In just about an hour we were pulling on to the parking lot of the St. Paul Lutheran Church of Serbin, Texas (for all those that might want to go in the future on their own it is just outside of Giddings, Texas). We were greeted in the church by Jack Wiederhold. With that last name I assumed Jack might be of German descent. As it turns out I was right; however, he was married to a lady of Wendish lineage. Jack was a most knowledgeable docent, having grown up in the community and being an acting member of St. Paul Lutheran Church. Jack told how Wends had been persecuted in Germany. The ruler at that time said only Catholics and Protestants could worship openly. He denied the Lutherans this right. So many of the Wends went to Australia; however, that was a long and expensive voyage. There were about 35 that ventured to Texas and wrote home how wonderful it was. These letters encouraged a congregation of 588 lead by Rev. Johann Kilian from Dauban, Saxony to sail on the "Ben Nevis" to Texas in 1854. This was not an easy journey. Along the way they had a bout with cholera on the sea and yellow fever when they arrived in Galveston. Due to these illnesses only 500 survived the escape. After going to Austin to purchase the land in Serbin for the settlers 95 acres were set aside for church purposes. This is the property that we visit today. They started with humble beginnings. A dog trot log cabin served as home for the pastor, school, and church. However, these were industrious people. When their cotton crops during the Civil War should have produced no income they prospered by taking the crops to Mexico and shipping them to Europe and getting top dollar.

The Wends could not seem to escape the Germans because after the Civil War they also settled in the area and convinced the Wends the frame church should be converted in to a Christian Day School and a new church should be built. They started the church in 1867; however, it was not completed until 1871 due to differences between the Wends and the Germans. The Germans decided to build their own church and named it St Peter. They eventually reunited and completed the church you see today and named it St. Paul. The church cost $5,000 to build the price is so low because of all the donated labor.
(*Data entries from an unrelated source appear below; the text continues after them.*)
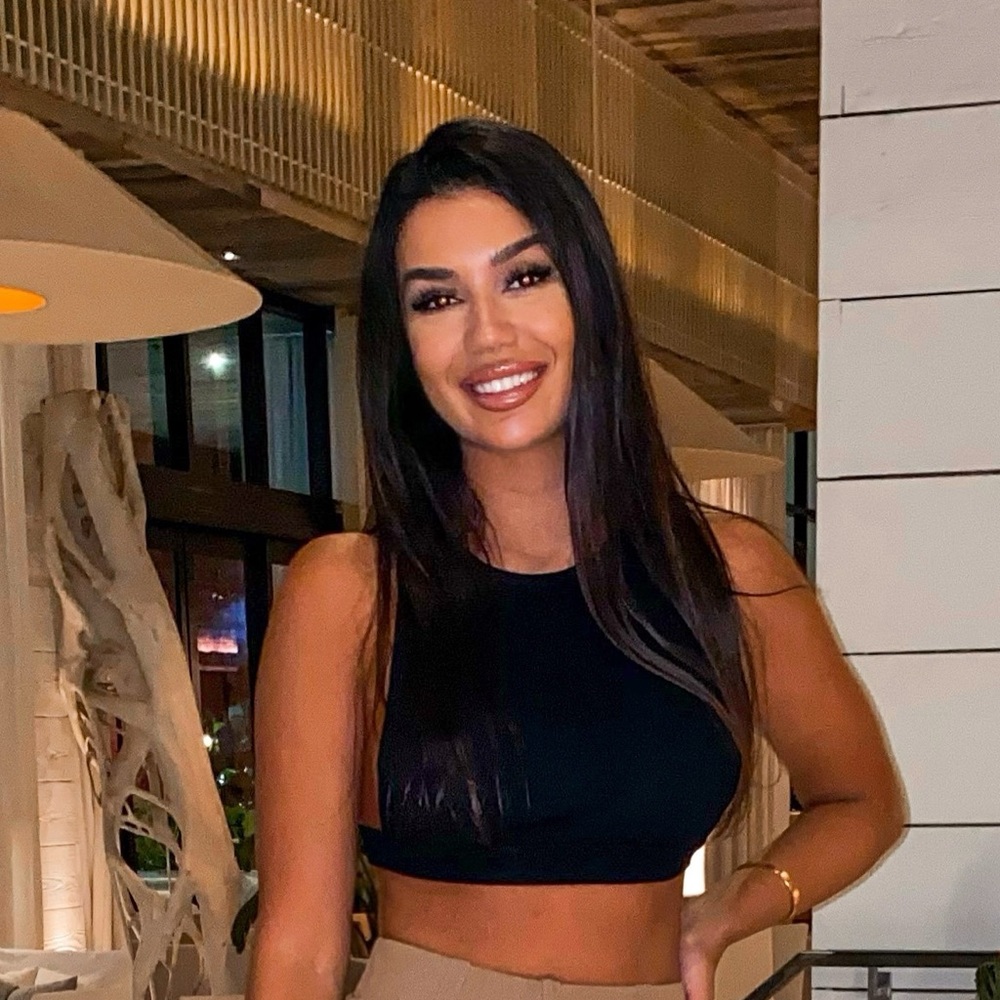 Meet your Posher, Ferial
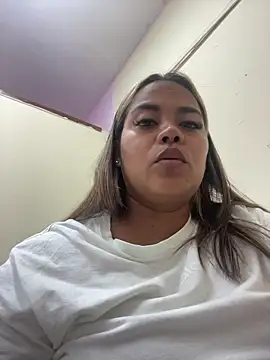 EmilyDuran  online show from June 10, 2:27 pm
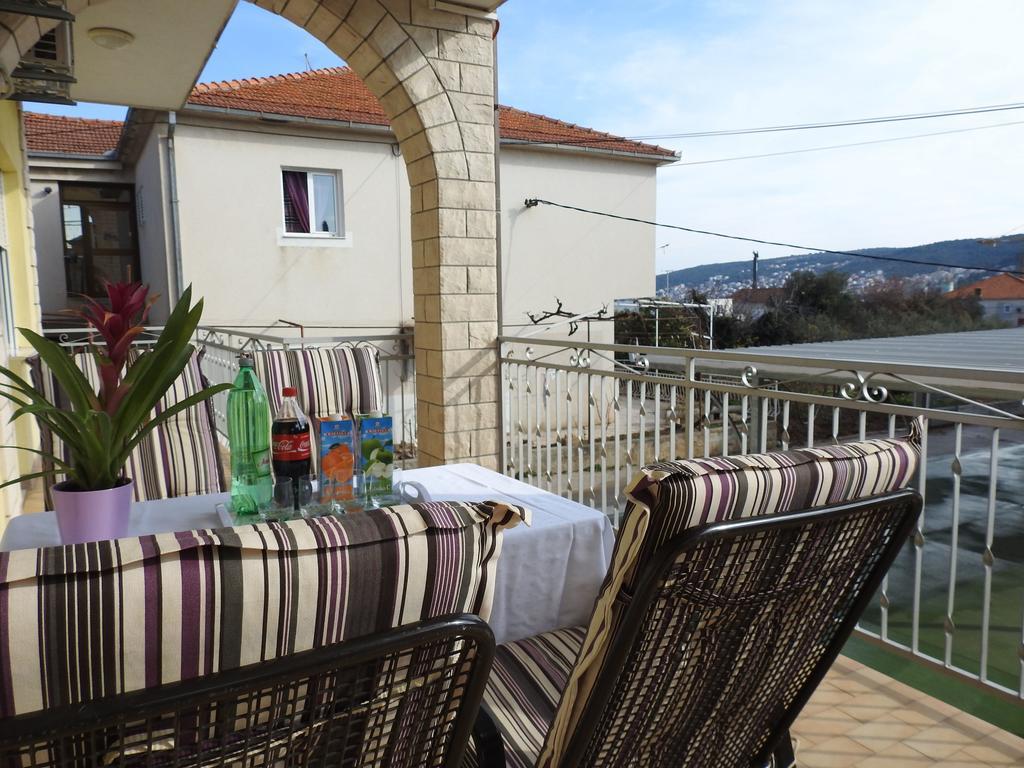 Marini Apartmani Traù Esterno foto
The beautiful 1904 pipe organ with its original hand-pump blower was made in Texas and still sounds marvelous as it was played by Jack. This was the first Lutheran Church of the Missouri Synod in Texas. There are services at this church every Sunday and they support the day school from K-8th grade.

After the tour of the church Joyce made us welcome in their dining hall where the ladies of the church had made us a delicious lunch consisting of homemade noodles, sauerkraut, pickled beets, sausage, homemade bread and a delicious coffee cake. Joyce explained that the noodles we were eating were a labor of love from the ladies at the church to help support The Wendish Heritage Museum. They make the noodles every Monday. They use 72 dozen eggs and 200 pounds of flour. I believe everyone on the bus bought a bag of noodles. She said if we liked the sausage we would need to go to Weimer to Kasper's Meat Market and ask for the Wendish sausage. Joyce invited everyone to go back for seconds and when no one could eat another bite we went to the Heritage Museum. There you saw the artifacts from the travels from Germany to Texas along with the one from the early days in Texas. And of course there was a gift store. Our docent Jack turned out to be a most talented man as we found the beautiful wood carved item in the store to be his creations. If you plan to come on your own bring cash or a checkbook because no debit or credit cards are accepted.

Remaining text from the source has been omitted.